**Given material:**
+ + + + + + +

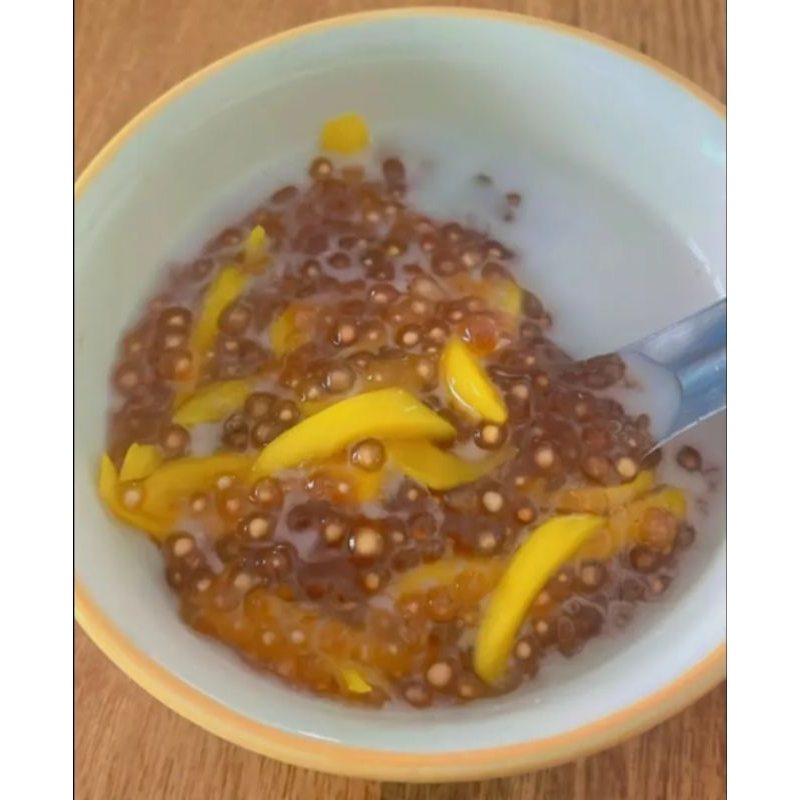 สาคูต้นพัทลุง น้ำหนัก 5 กิโลกรัม (5 ถุง) - รูปที่ 3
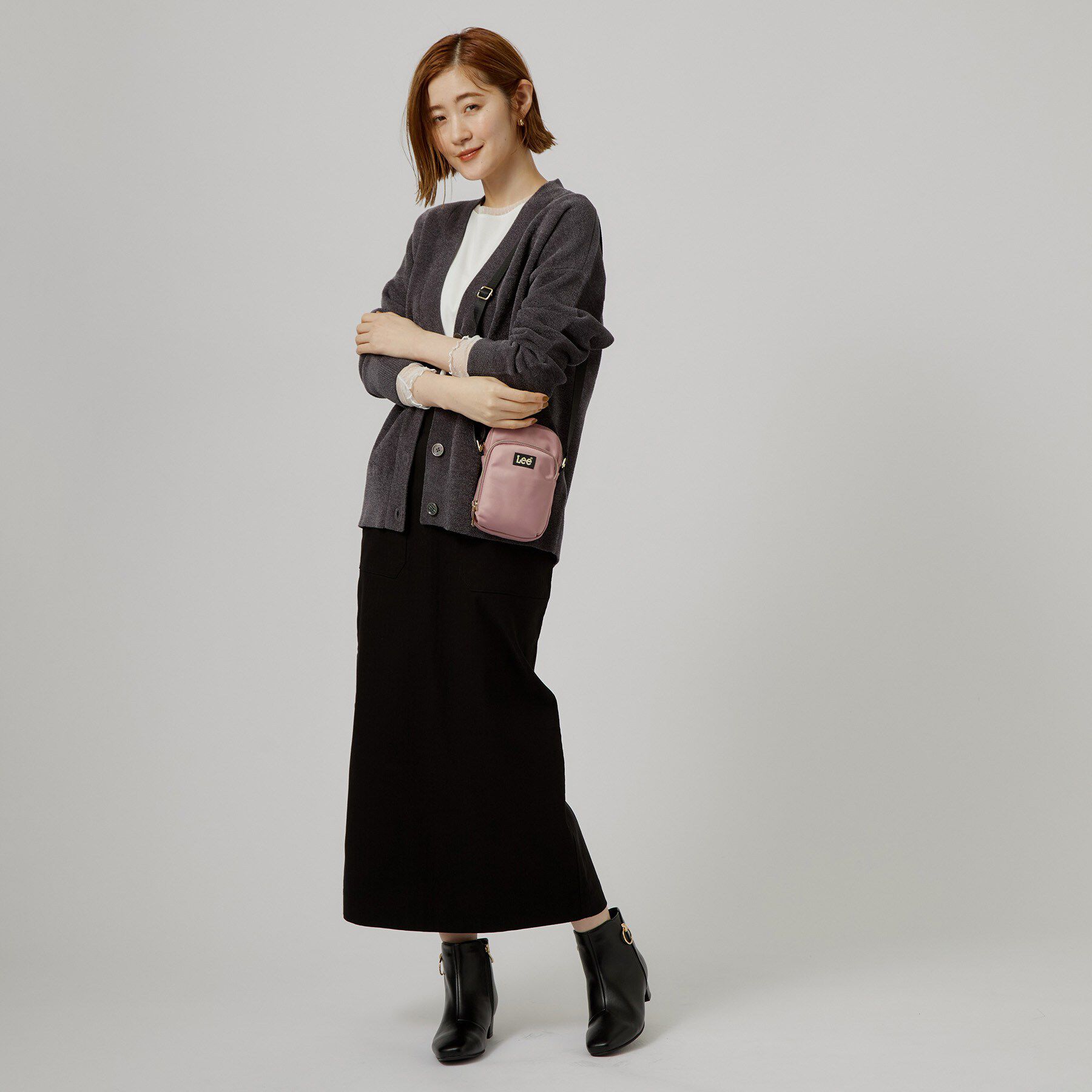 grove「【Lee別注】ポケットミニショルダー」|ショルダー・メッセンジャー|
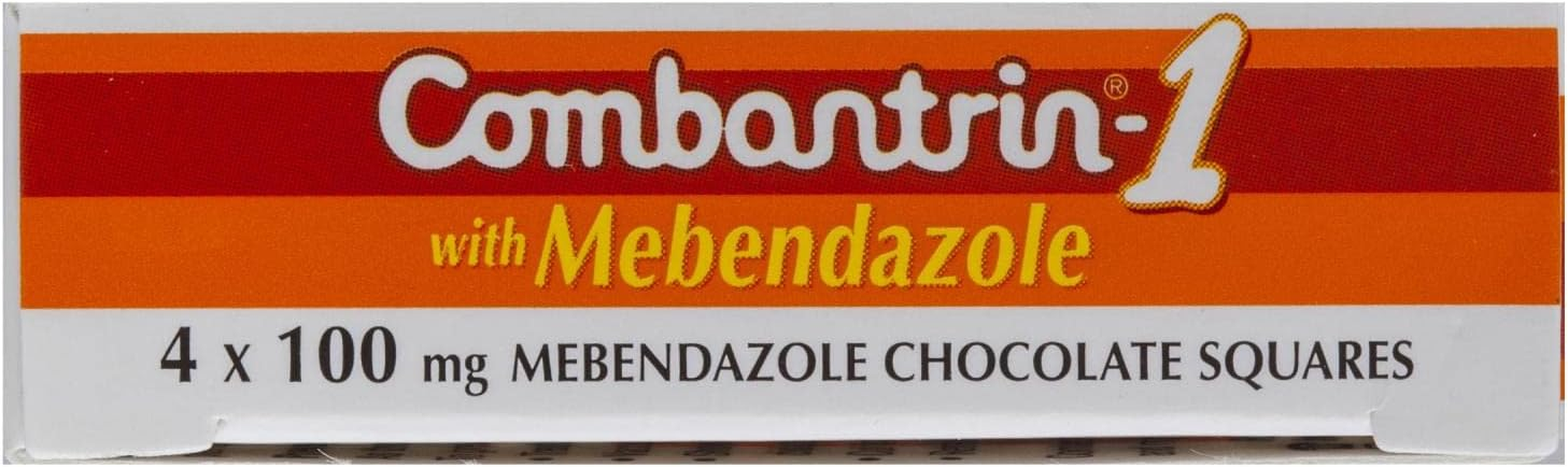 Combantrin Chocolate Squares, 4 Count, Pack of 4 image number 4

+ + + + + + +

**Task:** Pictures included in the data should be dropped; everything else must be repeated exactly.

**Answer to the problem:**
 สาคูต้นพัทลุง น้ำหนัก 5 กิโลกรัม (5 ถุง) - รูปที่ 3
 grove「【Lee別注】ポケットミニショルダー」|ショルダー・メッセンジャー|
 Combantrin Chocolate Squares, 4 Count, Pack of 4 image number 4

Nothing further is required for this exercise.